→ WHAT YOU NEED TO DO
Take the data and return it in full. Change nothing.

Brief descriptive captions

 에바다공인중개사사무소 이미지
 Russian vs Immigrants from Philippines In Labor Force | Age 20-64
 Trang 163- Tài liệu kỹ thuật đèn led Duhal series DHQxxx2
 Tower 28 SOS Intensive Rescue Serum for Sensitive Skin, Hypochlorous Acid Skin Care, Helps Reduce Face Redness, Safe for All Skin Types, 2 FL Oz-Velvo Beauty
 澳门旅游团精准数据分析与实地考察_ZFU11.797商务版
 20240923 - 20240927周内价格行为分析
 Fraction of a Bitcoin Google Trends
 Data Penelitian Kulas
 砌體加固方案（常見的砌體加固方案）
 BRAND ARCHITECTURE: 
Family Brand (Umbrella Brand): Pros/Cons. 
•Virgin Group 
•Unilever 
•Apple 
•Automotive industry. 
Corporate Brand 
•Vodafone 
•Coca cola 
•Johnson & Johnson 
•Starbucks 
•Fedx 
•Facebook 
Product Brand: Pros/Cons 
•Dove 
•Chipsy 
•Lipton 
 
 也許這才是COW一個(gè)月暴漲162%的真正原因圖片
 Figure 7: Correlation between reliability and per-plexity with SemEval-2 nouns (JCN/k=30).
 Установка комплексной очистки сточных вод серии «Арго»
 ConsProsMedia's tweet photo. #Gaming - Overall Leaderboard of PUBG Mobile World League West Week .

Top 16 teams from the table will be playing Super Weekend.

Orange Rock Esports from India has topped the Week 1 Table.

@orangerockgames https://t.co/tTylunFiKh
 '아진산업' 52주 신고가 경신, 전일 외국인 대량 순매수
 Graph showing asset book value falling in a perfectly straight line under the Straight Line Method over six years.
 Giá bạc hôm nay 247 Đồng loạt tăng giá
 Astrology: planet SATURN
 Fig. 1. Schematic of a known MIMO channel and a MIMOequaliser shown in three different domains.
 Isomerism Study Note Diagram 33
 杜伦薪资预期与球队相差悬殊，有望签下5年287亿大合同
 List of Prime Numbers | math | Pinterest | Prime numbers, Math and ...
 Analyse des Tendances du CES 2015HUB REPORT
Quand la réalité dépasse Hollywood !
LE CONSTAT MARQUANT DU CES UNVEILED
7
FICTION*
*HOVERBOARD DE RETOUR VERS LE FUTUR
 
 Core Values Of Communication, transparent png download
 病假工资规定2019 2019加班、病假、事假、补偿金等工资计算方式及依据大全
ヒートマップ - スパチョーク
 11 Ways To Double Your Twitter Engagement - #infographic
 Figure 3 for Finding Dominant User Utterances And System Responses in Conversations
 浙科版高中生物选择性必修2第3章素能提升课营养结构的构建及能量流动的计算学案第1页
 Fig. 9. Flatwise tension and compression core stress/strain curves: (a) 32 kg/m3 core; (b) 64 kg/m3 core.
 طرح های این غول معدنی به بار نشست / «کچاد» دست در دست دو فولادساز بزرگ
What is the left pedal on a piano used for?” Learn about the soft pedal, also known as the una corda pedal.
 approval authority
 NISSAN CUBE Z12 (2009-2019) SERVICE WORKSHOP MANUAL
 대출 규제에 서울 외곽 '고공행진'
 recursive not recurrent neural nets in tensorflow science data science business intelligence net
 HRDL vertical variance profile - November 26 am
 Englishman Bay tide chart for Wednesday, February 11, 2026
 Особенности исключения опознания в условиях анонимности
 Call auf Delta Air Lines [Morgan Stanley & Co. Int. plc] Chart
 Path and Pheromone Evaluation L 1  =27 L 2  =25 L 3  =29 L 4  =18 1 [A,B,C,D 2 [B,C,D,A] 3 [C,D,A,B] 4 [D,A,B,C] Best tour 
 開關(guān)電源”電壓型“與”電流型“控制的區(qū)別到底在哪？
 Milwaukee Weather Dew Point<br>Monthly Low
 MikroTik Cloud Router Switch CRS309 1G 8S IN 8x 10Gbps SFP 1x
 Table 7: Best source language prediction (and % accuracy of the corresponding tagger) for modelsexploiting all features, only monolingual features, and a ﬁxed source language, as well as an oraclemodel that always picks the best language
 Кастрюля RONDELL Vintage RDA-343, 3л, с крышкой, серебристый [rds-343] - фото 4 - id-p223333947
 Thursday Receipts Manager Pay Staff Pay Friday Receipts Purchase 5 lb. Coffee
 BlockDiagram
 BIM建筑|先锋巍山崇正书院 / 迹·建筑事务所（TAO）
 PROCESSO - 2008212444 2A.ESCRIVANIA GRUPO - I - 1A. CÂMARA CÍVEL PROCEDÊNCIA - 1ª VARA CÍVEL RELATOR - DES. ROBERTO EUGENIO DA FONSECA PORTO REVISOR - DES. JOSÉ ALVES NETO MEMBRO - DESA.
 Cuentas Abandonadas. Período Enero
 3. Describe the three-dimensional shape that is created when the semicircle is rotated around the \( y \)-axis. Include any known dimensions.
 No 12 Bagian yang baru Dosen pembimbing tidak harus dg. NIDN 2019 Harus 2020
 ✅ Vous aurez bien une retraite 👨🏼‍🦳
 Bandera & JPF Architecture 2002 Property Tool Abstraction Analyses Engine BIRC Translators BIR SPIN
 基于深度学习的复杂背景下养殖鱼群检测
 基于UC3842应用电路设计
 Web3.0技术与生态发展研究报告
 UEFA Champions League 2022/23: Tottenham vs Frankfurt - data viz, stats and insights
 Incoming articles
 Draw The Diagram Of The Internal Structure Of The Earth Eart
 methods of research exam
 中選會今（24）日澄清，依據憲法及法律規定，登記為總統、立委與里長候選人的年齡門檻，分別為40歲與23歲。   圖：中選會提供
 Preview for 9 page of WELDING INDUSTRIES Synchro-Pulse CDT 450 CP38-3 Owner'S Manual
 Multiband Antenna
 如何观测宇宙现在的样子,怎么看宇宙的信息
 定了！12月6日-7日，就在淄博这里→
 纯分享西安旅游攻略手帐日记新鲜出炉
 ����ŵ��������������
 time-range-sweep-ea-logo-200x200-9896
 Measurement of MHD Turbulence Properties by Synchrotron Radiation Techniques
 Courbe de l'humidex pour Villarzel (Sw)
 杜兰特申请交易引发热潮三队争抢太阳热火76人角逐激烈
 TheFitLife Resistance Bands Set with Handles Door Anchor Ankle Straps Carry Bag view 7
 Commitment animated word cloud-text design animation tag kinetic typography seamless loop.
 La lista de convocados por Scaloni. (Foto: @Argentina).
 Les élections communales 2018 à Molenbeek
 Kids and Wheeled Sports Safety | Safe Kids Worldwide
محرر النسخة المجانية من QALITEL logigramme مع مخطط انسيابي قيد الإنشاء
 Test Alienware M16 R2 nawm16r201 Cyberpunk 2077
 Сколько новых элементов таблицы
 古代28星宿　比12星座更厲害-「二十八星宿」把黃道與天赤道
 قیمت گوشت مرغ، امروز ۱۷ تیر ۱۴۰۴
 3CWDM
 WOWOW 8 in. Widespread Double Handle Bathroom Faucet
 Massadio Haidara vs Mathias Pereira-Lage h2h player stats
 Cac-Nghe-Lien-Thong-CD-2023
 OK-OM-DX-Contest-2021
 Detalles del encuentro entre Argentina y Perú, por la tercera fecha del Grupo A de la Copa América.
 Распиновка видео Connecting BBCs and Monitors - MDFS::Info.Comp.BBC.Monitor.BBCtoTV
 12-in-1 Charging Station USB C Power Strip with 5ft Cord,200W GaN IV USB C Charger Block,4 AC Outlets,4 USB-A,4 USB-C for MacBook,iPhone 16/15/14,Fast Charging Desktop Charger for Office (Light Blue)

→ PROBLEM SOLUTION
 에바다공인중개사사무소 이미지
 Russian vs Immigrants from Philippines In Labor Force | Age 20-64
 Trang 163- Tài liệu kỹ thuật đèn led Duhal series DHQxxx2
 Tower 28 SOS Intensive Rescue Serum for Sensitive Skin, Hypochlorous Acid Skin Care, Helps Reduce Face Redness, Safe for All Skin Types, 2 FL Oz-Velvo Beauty
 澳门旅游团精准数据分析与实地考察_ZFU11.797商务版
 20240923 - 20240927周内价格行为分析
 Fraction of a Bitcoin Google Trends
 Data Penelitian Kulas
 砌體加固方案（常見的砌體加固方案）
 BRAND ARCHITECTURE: 
Family Brand (Umbrella Brand): Pros/Cons. 
•Virgin Group 
•Unilever 
•Apple 
•Automotive industry. 
Corporate Brand 
•Vodafone 
•Coca cola 
•Johnson & Johnson 
•Starbucks 
•Fedx 
•Facebook 
Product Brand: Pros/Cons 
•Dove 
•Chipsy 
•Lipton 
 
 也許這才是COW一個(gè)月暴漲162%的真正原因圖片
 Figure 7: Correlation between reliability and per-plexity with SemEval-2 nouns (JCN/k=30).
 Установка комплексной очистки сточных вод серии «Арго»
 ConsProsMedia's tweet photo. #Gaming - Overall Leaderboard of PUBG Mobile World League West Week .

Top 16 teams from the table will be playing Super Weekend.

Orange Rock Esports from India has topped the Week 1 Table.

@orangerockgames https://t.co/tTylunFiKh
 '아진산업' 52주 신고가 경신, 전일 외국인 대량 순매수
 Graph showing asset book value falling in a perfectly straight line under the Straight Line Method over six years.
 Giá bạc hôm nay 247 Đồng loạt tăng giá
 Astrology: planet SATURN
 Fig. 1. Schematic of a known MIMO channel and a MIMOequaliser shown in three different domains.
 Isomerism Study Note Diagram 33
 杜伦薪资预期与球队相差悬殊，有望签下5年287亿大合同
 List of Prime Numbers | math | Pinterest | Prime numbers, Math and ...
 Analyse des Tendances du CES 2015HUB REPORT
Quand la réalité dépasse Hollywood !
LE CONSTAT MARQUANT DU CES UNVEILED
7
FICTION*
*HOVERBOARD DE RETOUR VERS LE FUTUR
 
 Core Values Of Communication, transparent png download
 病假工资规定2019 2019加班、病假、事假、补偿金等工资计算方式及依据大全
ヒートマップ - スパチョーク
 11 Ways To Double Your Twitter Engagement - #infographic
 Figure 3 for Finding Dominant User Utterances And System Responses in Conversations
 浙科版高中生物选择性必修2第3章素能提升课营养结构的构建及能量流动的计算学案第1页
 Fig. 9. Flatwise tension and compression core stress/strain curves: (a) 32 kg/m3 core; (b) 64 kg/m3 core.
 طرح های این غول معدنی به بار نشست / «کچاد» دست در دست دو فولادساز بزرگ
What is the left pedal on a piano used for?” Learn about the soft pedal, also known as the una corda pedal.
 approval authority
 NISSAN CUBE Z12 (2009-2019) SERVICE WORKSHOP MANUAL
 대출 규제에 서울 외곽 '고공행진'
 recursive not recurrent neural nets in tensorflow science data science business intelligence net
 HRDL vertical variance profile - November 26 am
 Englishman Bay tide chart for Wednesday, February 11, 2026
 Особенности исключения опознания в условиях анонимности
 Call auf Delta Air Lines [Morgan Stanley & Co. Int. plc] Chart
 Path and Pheromone Evaluation L 1  =27 L 2  =25 L 3  =29 L 4  =18 1 [A,B,C,D 2 [B,C,D,A] 3 [C,D,A,B] 4 [D,A,B,C] Best tour 
 開關(guān)電源”電壓型“與”電流型“控制的區(qū)別到底在哪？
 Milwaukee Weather Dew Point<br>Monthly Low
 MikroTik Cloud Router Switch CRS309 1G 8S IN 8x 10Gbps SFP 1x
 Table 7: Best source language prediction (and % accuracy of the corresponding tagger) for modelsexploiting all features, only monolingual features, and a ﬁxed source language, as well as an oraclemodel that always picks the best language
 Кастрюля RONDELL Vintage RDA-343, 3л, с крышкой, серебристый [rds-343] - фото 4 - id-p223333947
 Thursday Receipts Manager Pay Staff Pay Friday Receipts Purchase 5 lb. Coffee
 BlockDiagram
 BIM建筑|先锋巍山崇正书院 / 迹·建筑事务所（TAO）
 PROCESSO - 2008212444 2A.ESCRIVANIA GRUPO - I - 1A. CÂMARA CÍVEL PROCEDÊNCIA - 1ª VARA CÍVEL RELATOR - DES. ROBERTO EUGENIO DA FONSECA PORTO REVISOR - DES. JOSÉ ALVES NETO MEMBRO - DESA.
 Cuentas Abandonadas. Período Enero
 3. Describe the three-dimensional shape that is created when the semicircle is rotated around the \( y \)-axis. Include any known dimensions.
 No 12 Bagian yang baru Dosen pembimbing tidak harus dg. NIDN 2019 Harus 2020
 ✅ Vous aurez bien une retraite 👨🏼‍🦳
 Bandera & JPF Architecture 2002 Property Tool Abstraction Analyses Engine BIRC Translators BIR SPIN
 基于深度学习的复杂背景下养殖鱼群检测
 基于UC3842应用电路设计
 Web3.0技术与生态发展研究报告
 UEFA Champions League 2022/23: Tottenham vs Frankfurt - data viz, stats and insights
 Incoming articles
 Draw The Diagram Of The Internal Structure Of The Earth Eart
 methods of research exam
 中選會今（24）日澄清，依據憲法及法律規定，登記為總統、立委與里長候選人的年齡門檻，分別為40歲與23歲。   圖：中選會提供
 Preview for 9 page of WELDING INDUSTRIES Synchro-Pulse CDT 450 CP38-3 Owner'S Manual
 Multiband Antenna
 如何观测宇宙现在的样子,怎么看宇宙的信息
 定了！12月6日-7日，就在淄博这里→
 纯分享西安旅游攻略手帐日记新鲜出炉
 ����ŵ��������������
 time-range-sweep-ea-logo-200x200-9896
 Measurement of MHD Turbulence Properties by Synchrotron Radiation Techniques
 Courbe de l'humidex pour Villarzel (Sw)
 杜兰特申请交易引发热潮三队争抢太阳热火76人角逐激烈
 TheFitLife Resistance Bands Set with Handles Door Anchor Ankle Straps Carry Bag view 7
 Commitment animated word cloud-text design animation tag kinetic typography seamless loop.
 La lista de convocados por Scaloni. (Foto: @Argentina).
 Les élections communales 2018 à Molenbeek
 Kids and Wheeled Sports Safety | Safe Kids Worldwide
محرر النسخة المجانية من QALITEL logigramme مع مخطط انسيابي قيد الإنشاء
 Test Alienware M16 R2 nawm16r201 Cyberpunk 2077
 Сколько новых элементов таблицы
 古代28星宿　比12星座更厲害-「二十八星宿」把黃道與天赤道
 قیمت گوشت مرغ، امروز ۱۷ تیر ۱۴۰۴
 3CWDM
 WOWOW 8 in. Widespread Double Handle Bathroom Faucet
 Massadio Haidara vs Mathias Pereira-Lage h2h player stats
 Cac-Nghe-Lien-Thong-CD-2023
 OK-OM-DX-Contest-2021
 Detalles del encuentro entre Argentina y Perú, por la tercera fecha del Grupo A de la Copa América.
 Распиновка видео Connecting BBCs and Monitors - MDFS::Info.Comp.BBC.Monitor.BBCtoTV
 12-in-1 Charging Station USB C Power Strip with 5ft Cord,200W GaN IV USB C Charger Block,4 AC Outlets,4 USB-A,4 USB-C for MacBook,iPhone 16/15/14,Fast Charging Desktop Charger for Office (Light Blue)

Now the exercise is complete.